Мы много говорили об асимметрии человеческого мозга, проявляющей себя в когнитивной сфере и способах восприятия и переработки информации. Однако асимметрия человеческого мозга выражена настолько значительно, что проявляется не только в когнитивной, но и в эмоциональной сфере. Так, например, В.Л. Бианки указывает на широко распространенное среди биологов мнение о том, что радость и удовольствие «живут» в левом полушарии, а печаль и тоска — в правом. Это понятно: правое полушарие «не умеет лгать даже самому себе», поэтому оно воспринимает мир таким, какой он есть, а левое, «говорящее», «культурное», «человеческое», не только научилось в процессе антропосоциогенеза «лгать» другим и себе, но и, обладая способностью к многократному абстрагированию, «заболтает» любую проблему и навеет человеку и человечеству «сон золотой».
Рассуждая о смехе, а весь XX век смех изучался в самых разных аспектах, и в первую очередь, конечно, в аспекте культурном, практически все исследователи, начиная от А. Бергсона и кончая Л.В. Карасевым, задавали один и тот же вопрос: что есть смех и какое место он занимает в жизни человека и человечества?

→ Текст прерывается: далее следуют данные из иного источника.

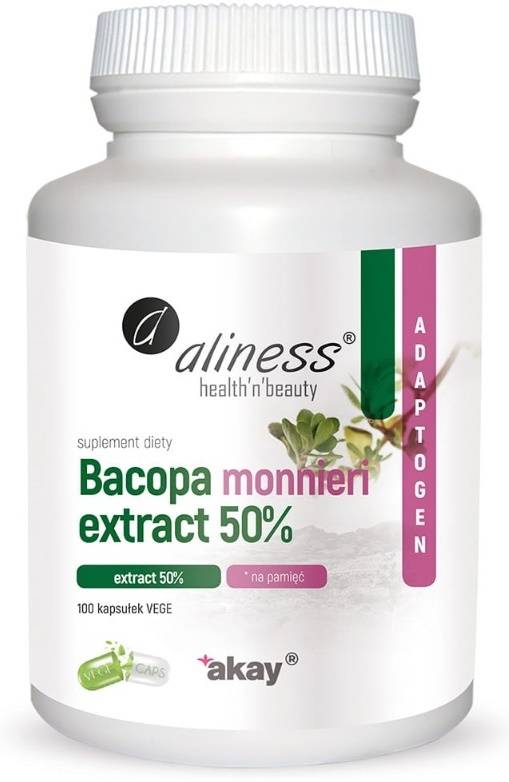 Bacopa Monnieri 500 mg 100 kaps. Vege Aliness Adaptogen - suplement diety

Уже Бергсон связывал смех с ритуалом, выделяя его сакральную символику, отмечая, что смех в ритуале возникает, когда группа людей направляет свое внимание на определенный предмет — столб, шест и т. д., которые, по его мнению, олицетворяют божество. Смех, таким образом, понимался как своеобразный общественных жест, имеющий магическое значение. К проблеме смеха обращались и психоаналитик 3. Фрейд, и фольклорист В.Я. Пропп, и специалист по античности О.М. Фрейденберг, и философ, мыслитель и эстет М.М. Бахтин. Осмыслено и понято было многое. Однако Л.В. Карасев в своей монографии «Философия смеха» [100], подводя итоги исследованиям этого, по его мнению, весьма таинственного явления, верно замечает: «Миг происхождения смеха укрыт от нас столь же надежно, как тайна рождения мысли и слова» [101]. По мнению исследователя, «загадка смеха по-прежнему осталась неразрешенной» [102]. Л.В. Карасев уверен в том, что смех «всего себя в подлинном свете не покажет», а поэтому его не стоит «душить петлей анализа», ибо смех «дело легкое, и обращаться с ним надо легко и безобидно» [103].
Мы не будем обещать ни объекту изучения, то есть смеху, ни читателю всего того, что обещает Л.В. Карасев. Во-первых, без анализа здесь не обойтись. Во-вторых, мы постараемся, чтобы смех хоть в какой-то мере показал себя в истинном свете. И, в-третьих, мы уверены, что смех дело не легкое, и даже не радостное и веселое, и уж точно не безобидное.